WORK INSTRUCTIONS:
Restate word for word the section of the entries that opens at the line containing "A George IV" and closes at the line containing "34903T Lace Sheer Metallic Blouse White", both lines kept, pictures dropped.

PROVIDED RECORDS:
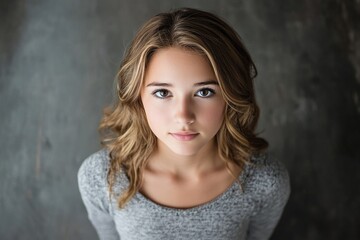Naklejka premium A beautiful young woman posing for a camera, focused and confident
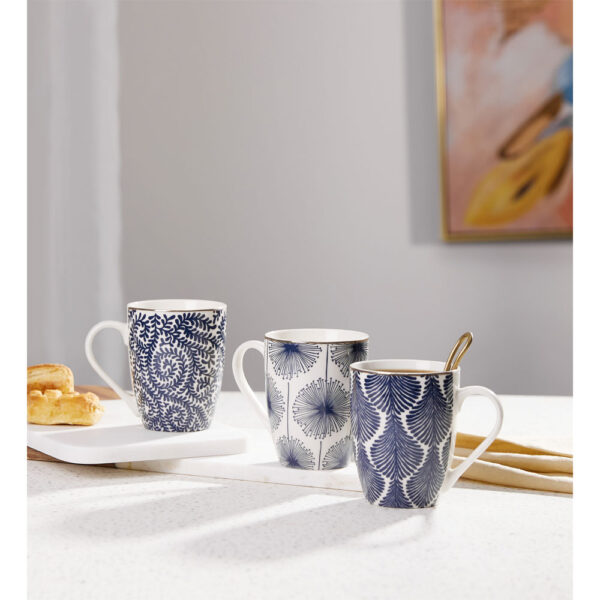 FLEUR ΚΟΥΠΑ 8x8x11cm NEW BONE CHINA ΛΕΥΚΟ ΜΠΛΕ ΧΡΥΣΟ 028881 - Image 2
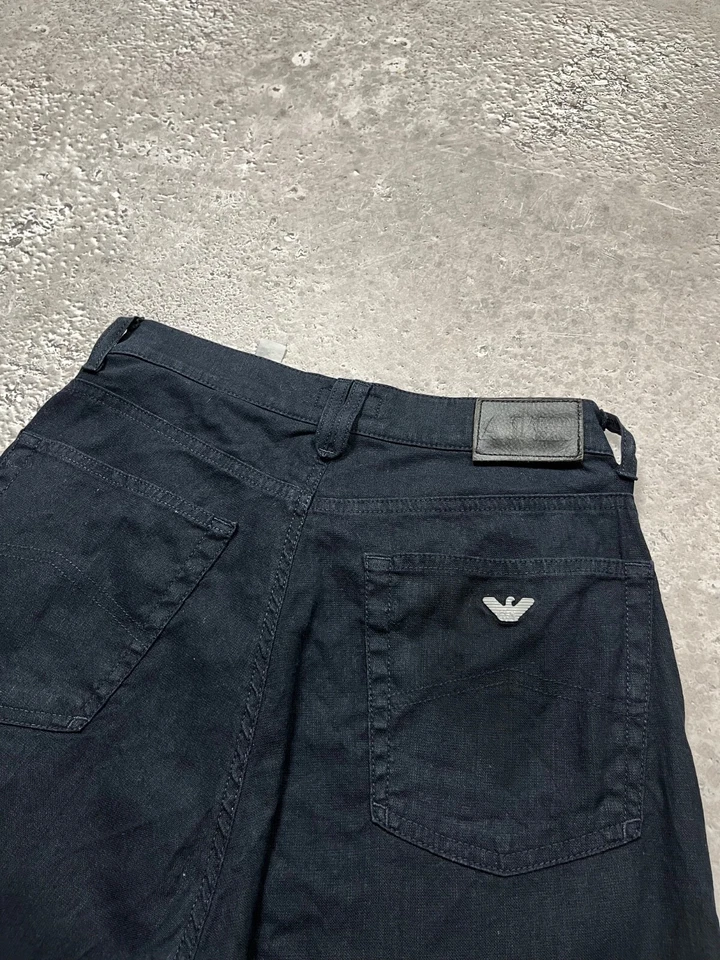 AJ Armani Jeans Comfort Fit Linen Pants Navy Blue Italy Made Size 32 - Image 4 of 4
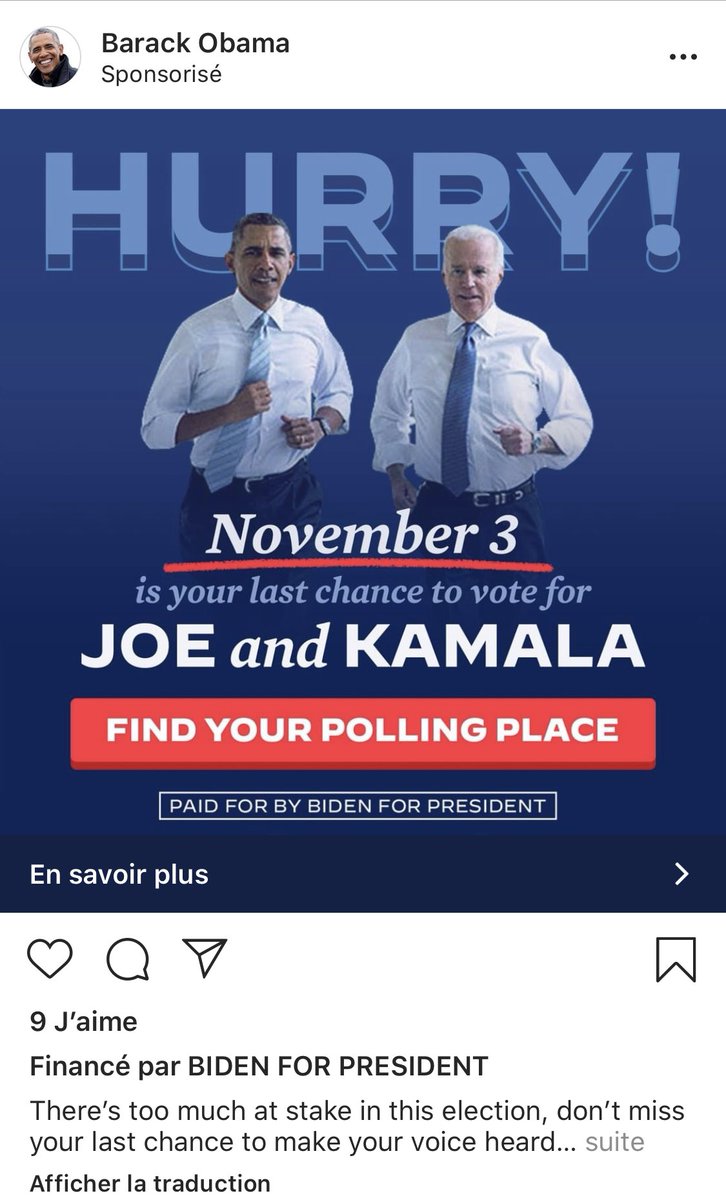 NadiaYonker's tweet photo. THREAD: #USElection 
Political ads I’ve been exposed to every day on social media since September 25th 👇🏾

#PresidentialElection2020  #PresidentialDebate2020 #Elections2020  #Politicalads #Biden #Trump #bidenharris #Debates2020 #TrumpPence2020 #campagneus #ObamaBiden https://t.co/HeRMTnM4Fu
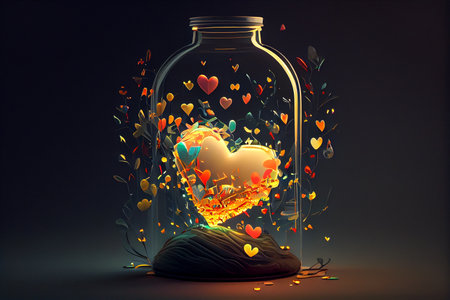 Heart inside a glass jar with colorful hearts flying out, 3D renderingの素材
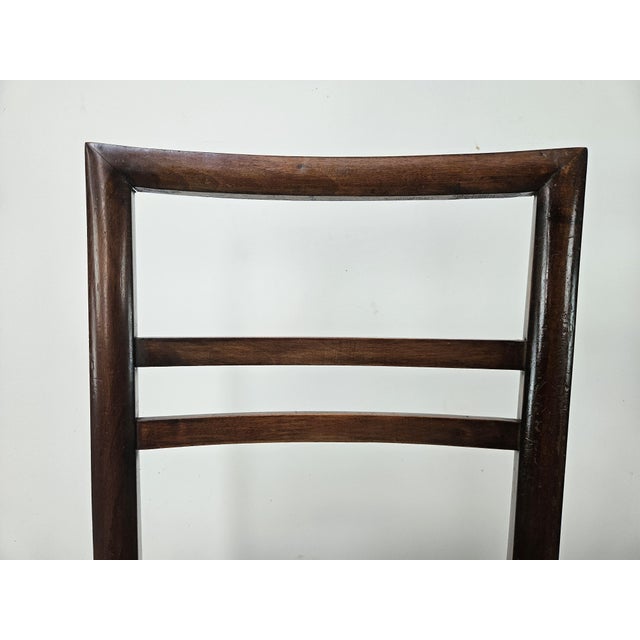 Art Deco Dining Chairs in Walnut and Fabric, 1940, Set of 2 For Sale - Image 6 of 14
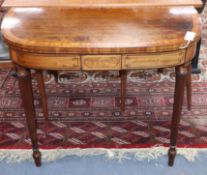 A George IV satinwood banded mahogany D shaped card table W.84cm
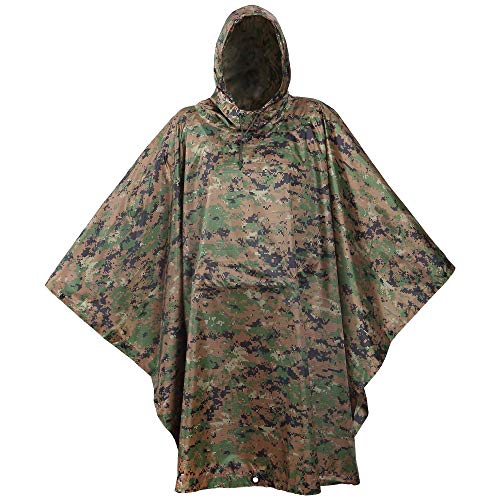 USGI Industries Military Style Poncho Multi Use Rip Stop Camouflage Regen Poncho, MARPAT, Einheitsgröße von USGI Industries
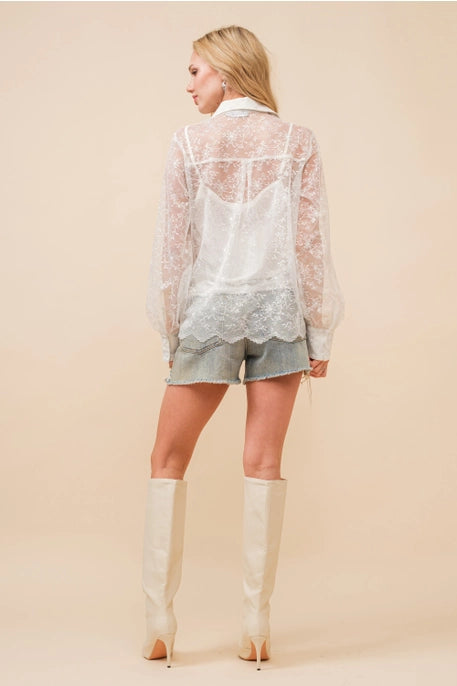 34903T Lace Sheer Metallic Blouse White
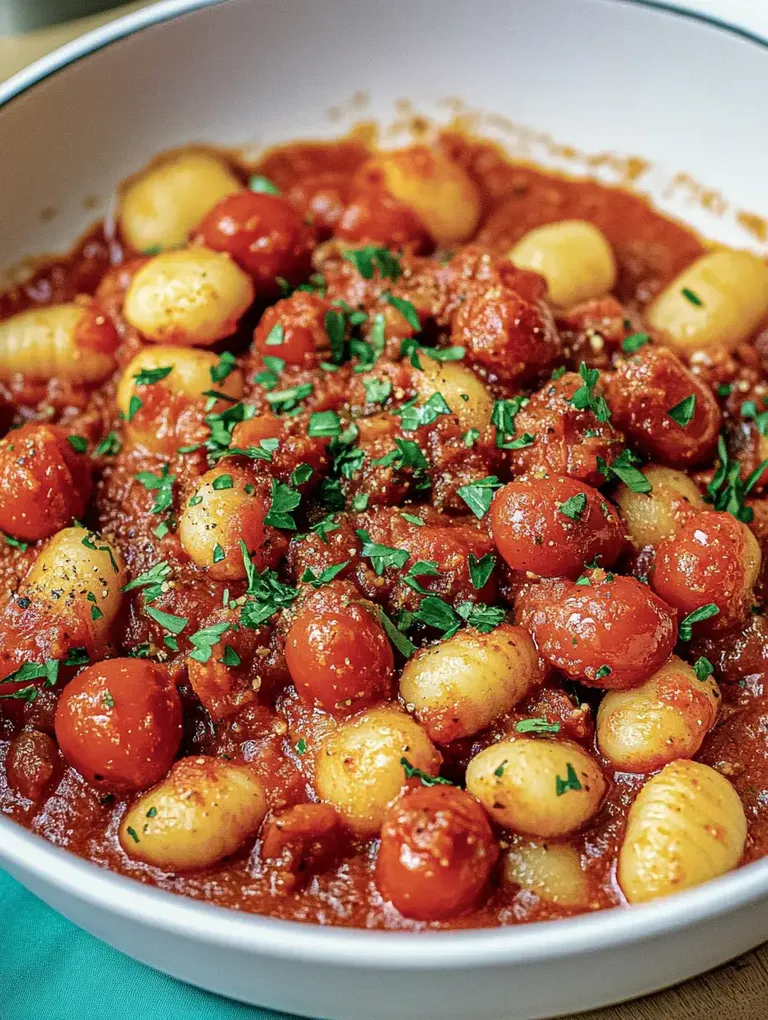 Ein Schüssel mit Gnocchi in Tomatensauce, garniert mit frischer Petersilie.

FINISHED TASK:
 A George IV satinwood banded mahogany D shaped card table W.84cm
 USGI Industries Military Style Poncho Multi Use Rip Stop Camouflage Regen Poncho, MARPAT, Einheitsgröße von USGI Industries
 34903T Lace Sheer Metallic Blouse White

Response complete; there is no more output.